Varie, 19 gennaio 2004
GIORGINI Ebe
GIORGINI Ebe Bologna 17 marzo 1933. Santona nota come Mamma Ebe. Arrestata numerose volte, l’ultima l’11 giugno 2010 (accuse: associazione a delinquere finalizzata all’esercizio abusivo della professione medica e alla truffa) • «[...] negli anni Ottanta divenne la santona più famosa del nostro Paese dopo essere finita in una serie di inchieste su ciò che accadeva nelle case gestite dalla sua organizzazione, in Piemonte, Toscana ed Emilia. A quei tempi si ritenne che fosse autrice di gravi abusi fisici e psichici, con malati a cui veniva estorto denaro in cambio della promessa della guarigione. Nel 1985 Lizzani presentò al Festival di Venezia un film ispirato a lei. Nel 1986 la Cassazione rese definitiva una condanna a sei anni. Nel 2002 Mamma Ebe finì di nuovo in manette a Cesena e poi venne condannata in primo grado a sette anni.

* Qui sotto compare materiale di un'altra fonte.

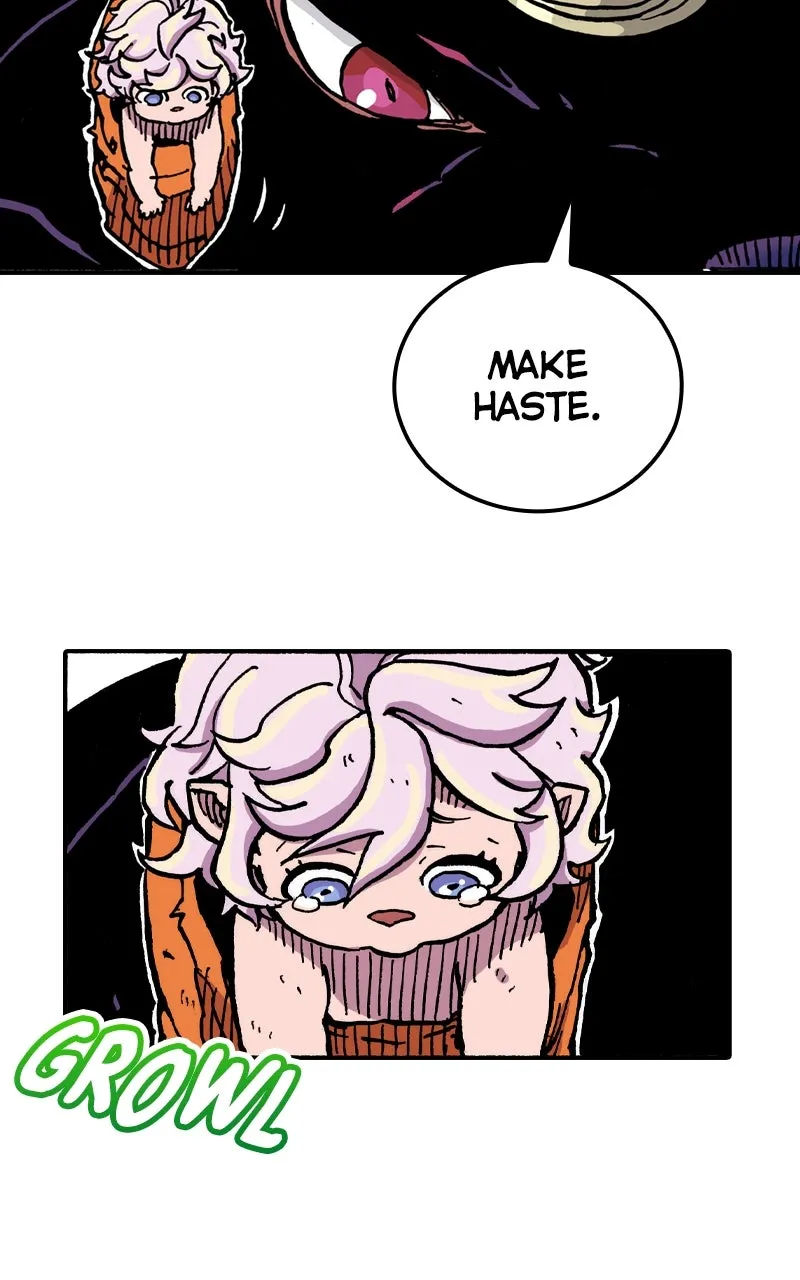 Clevatess Chapter 4 page 8 -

Nel frattempo, nel 2004, partì anche un procedimento per l’attività svolta a San Baronto [...]» (Michele Bocci, ”la Repubblica” 12/6/2010) • «Una guaritrice itinerante, tre gli ambulatori [...] A Scandicci e a Empoli visitava i ”pazienti” in salotto, in appartamenti prestati (o affittati) che diventavano in alcuni giorni della settimana degli pseudo-ambulatori, con un continuo viavai di malati, di mamme con bambini, di persone che malgrado le accuse, gli arresti (il primo nel 1984) e una lunga storia di processi finiti sulle pagine di tutti i giornali, continuano a credere alle capacità terapeutiche e spirituali di questa donna. [...] Mamma Ebe prendeva dai trenta ai cinquanta euro ed era particolarmente attenta alla logistica commerciale. Non così secondo i suoi seguaci catturati dal carisma [...]» (Laura Montanari, ”la Repubblica” 15/1/2004) • «Era stata arrestata la prima volta nell’aprile del 1984, con l’accusa di associazione per delinquere, truffa, sequestro di persone, abbandono dei malati ed esercizio abusivo della professione medica. Fu condannata a 10 anni di reclusione. In appello la pena viene ridotta a sei anni, con la concessione degli arresti domiciliari. Nell’87 un’altra condanna a otto mesi. Poi, nel 1988, un nuovo arresto, con l’accusa aggiuntiva di somministrazione di stupefacenti. [...]» (Daniele Della Strada, ”La Stampa” 15/1/2004).